===== Information

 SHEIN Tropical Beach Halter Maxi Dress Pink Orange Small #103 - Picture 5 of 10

==========
===== Information

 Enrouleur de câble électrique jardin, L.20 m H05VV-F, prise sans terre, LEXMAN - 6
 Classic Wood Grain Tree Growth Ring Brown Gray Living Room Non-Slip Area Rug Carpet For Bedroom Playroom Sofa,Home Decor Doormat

==========

Description of the task: Output exactly the lines of the material above from the one containing "Enrouleur de câble" up to and including the one containing "Classic Wood Grain".

The completed task:
 Enrouleur de câble électrique jardin, L.20 m H05VV-F, prise sans terre, LEXMAN - 6
 Classic Wood Grain Tree Growth Ring Brown Gray Living Room Non-Slip Area Rug Carpet For Bedroom Playroom Sofa,Home Decor Doormat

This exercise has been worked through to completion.